# What to produce
Work through the entries below and show every line in which "White" is found.

(Records from a data collection)
========

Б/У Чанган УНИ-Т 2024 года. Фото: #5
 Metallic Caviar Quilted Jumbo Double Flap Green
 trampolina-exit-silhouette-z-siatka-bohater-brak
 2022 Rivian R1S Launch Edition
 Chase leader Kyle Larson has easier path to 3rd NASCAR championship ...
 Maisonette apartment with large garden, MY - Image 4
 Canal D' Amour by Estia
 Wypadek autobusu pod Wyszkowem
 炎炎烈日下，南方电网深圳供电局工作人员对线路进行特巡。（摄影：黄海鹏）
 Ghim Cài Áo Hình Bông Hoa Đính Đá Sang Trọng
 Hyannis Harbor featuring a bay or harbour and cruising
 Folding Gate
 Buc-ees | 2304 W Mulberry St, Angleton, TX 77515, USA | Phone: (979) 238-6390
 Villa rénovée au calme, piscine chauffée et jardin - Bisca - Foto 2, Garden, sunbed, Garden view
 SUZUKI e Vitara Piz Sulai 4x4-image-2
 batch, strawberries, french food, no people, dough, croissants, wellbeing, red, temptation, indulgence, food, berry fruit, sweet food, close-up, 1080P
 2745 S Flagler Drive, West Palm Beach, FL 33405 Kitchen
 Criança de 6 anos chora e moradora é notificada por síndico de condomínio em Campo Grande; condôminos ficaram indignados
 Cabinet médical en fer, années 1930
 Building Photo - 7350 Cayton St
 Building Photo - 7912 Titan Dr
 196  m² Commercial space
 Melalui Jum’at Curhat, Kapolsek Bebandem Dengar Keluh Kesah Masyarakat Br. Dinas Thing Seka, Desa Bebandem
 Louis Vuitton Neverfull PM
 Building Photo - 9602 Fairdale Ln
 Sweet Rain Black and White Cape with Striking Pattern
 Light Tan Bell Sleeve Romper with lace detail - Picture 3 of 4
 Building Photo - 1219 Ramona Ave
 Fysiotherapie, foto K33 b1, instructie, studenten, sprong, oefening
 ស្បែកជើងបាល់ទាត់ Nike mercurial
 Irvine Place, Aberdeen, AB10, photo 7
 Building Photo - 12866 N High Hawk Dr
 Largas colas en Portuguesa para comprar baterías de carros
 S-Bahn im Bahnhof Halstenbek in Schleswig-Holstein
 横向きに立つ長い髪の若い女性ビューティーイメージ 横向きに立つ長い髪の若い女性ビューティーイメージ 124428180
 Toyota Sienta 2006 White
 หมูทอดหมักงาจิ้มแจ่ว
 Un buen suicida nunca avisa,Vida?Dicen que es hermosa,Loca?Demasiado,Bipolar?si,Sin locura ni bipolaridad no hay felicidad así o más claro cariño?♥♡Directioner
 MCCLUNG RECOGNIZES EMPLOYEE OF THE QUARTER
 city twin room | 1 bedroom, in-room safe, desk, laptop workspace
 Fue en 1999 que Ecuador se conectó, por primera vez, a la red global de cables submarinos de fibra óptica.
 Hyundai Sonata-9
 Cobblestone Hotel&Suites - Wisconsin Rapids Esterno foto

========

# Solution
 Sweet Rain Black and White Cape with Striking Pattern
 Toyota Sienta 2006 White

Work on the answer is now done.